Yes, and what to do with the "basin" in winter? In principle, you can leave it in the winter with water. But we all studied at school and remember that water expands when it freezes, and containers burst in the cold. To avoid this, you can put in the water for the winter peculiar compensators, which will take the pressure of expanding water.
First time we put in the water for this thick logs and timbers. Now they take plastic bottles, fill them to 1/3 with sand and lower them into the water. The air in the bottle is compressed by the freezing water, and the container remains intact.
But I decided otherwise. Anyway the tank should be cleaned from the accumulated silt, so do it in the spring or in the fall? So I took the "basin" out of the pit, cleaned, rinsed and returned to its place. By the way, the soil around over the season very well compacted. Standing tank all winter will be empty, and to water and debris do not fall inside, I covered it with a piece of linoleum, of course, putting under it a couple of slats (so that under the weight of the snow did not fail), and the top of pressing bars (so that the wind did not carry away).

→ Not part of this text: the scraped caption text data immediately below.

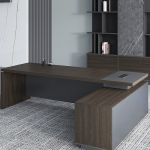 office desk, ergonomic office desk, modern office desk, home office desk, computer desk, writing desk, executive desk, standing desk, sit stand desk, height adjustable desk, electric standing desk, manual standing desk, L shaped desk, corner office desk, U shaped office desk, compact office desk, small office desk, large office desk, wide office desk, deep office desk, minimalist office desk, contemporary office desk, traditional office desk, classic office desk, wooden office desk, solid wood desk, engineered wood desk, hardwood office desk, oak office desk, maple office desk, pine office desk, walnut office desk, cherry wood desk, glass office desk, metal office desk, steel frame desk, aluminum frame desk, hybrid material desk, industrial office desk, rustic office desk, farmhouse office desk, Scandinavian office desk, mid century office desk, vintage office desk, retro office desk, luxury office desk, premium office desk, designer office desk, executive wood desk, CEO office desk, corporate office desk, professional office desk, workstation desk, office workstation table, office desk with storage, office desk with drawers, office desk with shelves, office desk with cabinet, office desk with hutch, office desk with organizer, office desk with file drawer, filing desk, desk with lockable drawers, secure office desk, locking drawer desk, office desk with cable management, wire management desk, built in cable tray desk, office desk with grommet holes, office desk with USB ports, office desk with power outlets, powered office desk, smart office desk, tech office desk, modular office desk, configurable office desk, customizable office desk, convertible desk, foldable office desk, folding computer desk, portable office desk, collapsible office desk, space saving office desk, small space desk, apartment desk, office desk for home, WFH desk, work from home desk, productivity desk, study desk, student desk, homework desk, teacher desk, classroom desk, training room desk, conference desk, meeting room desk, collaboration desk, coworking desk, multipurpose office desk, versatile office desk, dual monitor desk, triple monitor desk, monitor-friendly desk, wide desktop office desk, extended desktop desk, long office desk, oversized office desk, extra wide desk, deep workstation desk, durable office desk, heavy duty office desk, stable office desk, reinforced office desk, industrial strength office desk, scratch resistant desk, stain resistant desk, waterproof office desk, heat resistant desk, anti-scratch desk, anti-fingerprint desk, matte finish office desk, glossy office desk, smooth surface desk, textured office desk, ergonomic desk setup, ergonomic workstation desk, office desk with keyboard tray, sliding keyboard tray desk, ergonomic keyboard desk, office desk with monitor stand, monitor riser desk, desk with CPU holder, desktop PC desk, gaming office desk, gaming workstation desk, RGB office desk, LED office desk, office gaming hybrid desk, productivity workstation, office desk for programmers, office desk for designers, office desk for editors, office desk for writers, creative workstation desk, art desk, craft desk, sewing desk, studio office desk, photography desk, editing desk, designer desk, drafting desk, architect desk, engineering desk, office desk with adjustable legs, motorized desk, dual motor standing desk, single motor standing desk, smooth lift desk, fast lift desk, whisper quiet electric desk, silent motor desk, office desk with wheels, rolling office desk, mobile office desk, swivel office desk, office desk with casters, ergonomic mobile workstation, computer workstation desk, office table, computer table, study table, working table, office benching desk, shared office desk, team workstation desk, bench desk system, collaborative work desk, pod desk system, panel workstation, cubicle desk, cubicle workstation, office desk for cubicles, office desk for open plan, open office desk, reception desk, lobby desk, front desk workstation, cashier desk, hospitality desk, hotel desk, medical office desk, clinic desk, healthcare desk, law office desk, office desk with LED lighting, cable-free office desk, wireless charging desk, Qi charging desk, smart sensor desk, automated height desk, programmable height desk, memory settings desk, 3-stage leg desk, stable standing desk, wobble-free desk, premium steel frame desk, aluminum standing desk, carbon steel desk, bamboo top desk, reclaimed wood desk, eco friendly office desk, sustainable office desk, recycled materials desk, green office desk, environmental office furniture, lightweight office desk, heavy duty frame desk, thick desktop desk, sturdy desktop desk, desk with adjustable feet, levelling feet desk, anti-slip foot desk, vibration free desk, productivity boosting desk, ergonomic home workstation, studio workstation desk, studio production desk, control desk, music production desk, editing workstation, DJ desk, office desk for small rooms, office desk for corner spaces, corner workstation desk, reversible L desk, adjustable L shaped desk, U shaped workstation, floating desk, wall mounted desk, mounted office desk, standing wall desk, wall foldable desk, drop leaf desk, Murphy desk, secretariat desk, secretary desk, roll top desk, executive workstation, boss desk, manager desk, director desk, premium executive table, luxury workstation, top rated office desk, bestselling office desk, award winning office desk, modern workstation desk, innovative office desk, multifunction desk, ergonomic furniture desk, office furniture table, office desk with ergonomic curve, curved office desk, wave desk, bow front desk, straight desk, peninsula desk, return desk, desk with return, left return desk, right return desk, wide return desk, T shaped desk, workstation desk system, modular panel desk, desking system, open desking system, benching workstation, shared workstation table, dual user desk, paired workstation desk, team desk setup, office table with drawers, office table with shelves, executive table with storage, premium table desk, work table desk, productivity furniture, office desk with privacy panel, modesty panel desk, privacy screen desk, privacy divider desk, acoustic panel desk, noise reducing desk, office desk for conferences, office desk for teams, office desk for reception, check-in desk, consulting desk, minimal desk, sleek office desk, aesthetic office desk, luxury desk, white office desk, black office desk, gray office desk, brown office desk, two-tone office desk, mixed material desk, bamboo office desk, metal mesh desk, tempered glass desk, frosted glass office desk, clear glass office desk, smoked glass desk, executive glass desk, steel and glass desk, rustic wood desk, reclaimed wood office desk, river desk, epoxy top desk, live edge office desk, handmade office desk, handcrafted desk, artisan desk, boutique office desk, custom office desk, bespoke office desk, tailor-made office desk, office desk with bookshelf, desk with bookcase, workstation with shelves, desk with top storage, hutch top desk, office desk with cubbies, office organizer desk, tidy office desk, clutter-free desk, office desk for productivity, ergonomic seating desk combination, office desk bundle, workstation bundle, desk and chair set, matching office furniture, office suite desk, corporate suite desk, large team desk, project desk, operations desk, analytics desk, billing desk, customer care desk, telemarketing desk, call center desk, call station desk, cubicle call desk, shared call desk, library desk, university office desk, institute office desk, dorm desk, dorm room desk, minimalist study desk, laptop desk, laptop workstation desk, notebook desk, Chromebook desk, PC desk, Mac desk, iMac desk, monitor mount desk, VESA mount desk, desk with monitor arm, dual arm desk, triple arm desk, multi monitor workstation, productivity hub desk, ergonomic desk organizer, tech ready desk, cable tidy desk, zero clutter desk, flat pack office desk, easy assembly desk, quick setup desk, tool-free assembly desk, DIY office desk, office makeover desk, ergonomic upgrade desk, performance office desk, heavy load office desk, 200 lb capacity desk, 300 lb capacity desk, reinforced desktop desk, ultra stable desk, office workbench, office drafting bench, standing drafting desk, creative workbench desk, eSports desk, gaming battle station, workstation gaming desk, tactical desk, military style office desk, command center desk, workstation console desk, operations console desk, workstation for dual tasks, multifunction station desk, ergonomic executive workstation, full size office desk, half size office desk, narrow depth desk, slim office desk, compact standing desk, mini office desk, micro desk, office desk for tight corners, ergonomic curved front desk, waterfall edge desk, beveled edge desk, chamfered edge desk, high gloss desk, textured matte desk, anti-glare desk, UV resistant desk, fade resistant desk, weather resistant desk (indoor), moisture resistant desk, spill resistant desk, kid friendly office desk, senior friendly desk, universal design desk, accessible office desk, ADA friendly office desk, therapy office desk, rehab desk, medical workstation desk, dental office desk, salon desk, spa desk, boutique reception desk, check-out desk, retail office desk, cashier workstation, POS desk, compact POS desk, front counter desk, point of service desk, home studio desk, editor’s workstation, coder desk, developer workstation, hacker desk, cybersecurity desk, analytics workstation, productivity station, office console desk, control room desk, dispatch desk, operations management desk, warehouse office desk, industrial office workstation, business desk, administrative desk, clerical desk, front office desk, back office desk, multifunction workstation, deluxe standing desk, ergonomic sit-stand workstation, premium electric desk, future-ready desk, smart workspace desk, next-gen office desk, corporate productivity desk, executive office furniture desk, workstation for efficiency, comfort desk, ergonomic layout desk, strong frame desk, elevated monitor desk, riser-equipped desk, floating desktop desk, integrated storage workstation, multi-tier desk, tiered workstation desk, adjustable surface desk, lift-top office desk, rising desktop desk, convertible standing desk, adjustable tilt desk, angled desktop desk, drafting angle desk, display desk, merchandising desk, extended reach desk, wide work surface desk, high capacity desk, office table workstation, mobile workstation table, flexible desk, agile workspace desk, hot desk, co-working table, desks for hybrid offices, remote work desk, home workstation desk, online work desk, content creator desk, streaming desk, influencer desk.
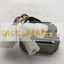 119000-77711 119000-77713 New Regulator Rectifier fits for Yanmar Spare Parts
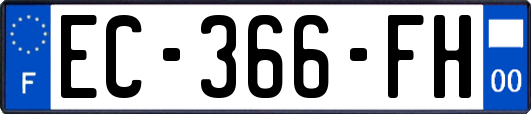 EC-366-FH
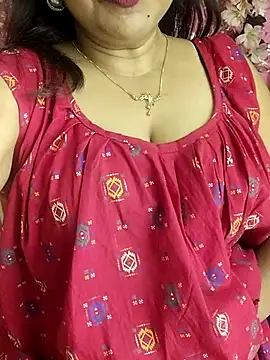 Snapshot of joya_bhabi chatting on May 14, 3:08 pm joya bhabi online show from May 14, 3:08 pm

Read also our material How to establish and decorate a plastic pond in the garden.
A couple of words about the framing of the pond. It seems to me that with such small size, it would look ridiculous surrounded by trees and even medium-sized shrubs, but the decorative grasses - just the same. So I did, but this is a separate topic, one day I'll tell.
Of course, now I can clearly see the little mistakes that need to be corrected, but on the whole, for the season, my mini pond and nymphaea very pleased me. And how they amused my self-esteem:
- "Igor, have you done it yourself? God, what a beauty!"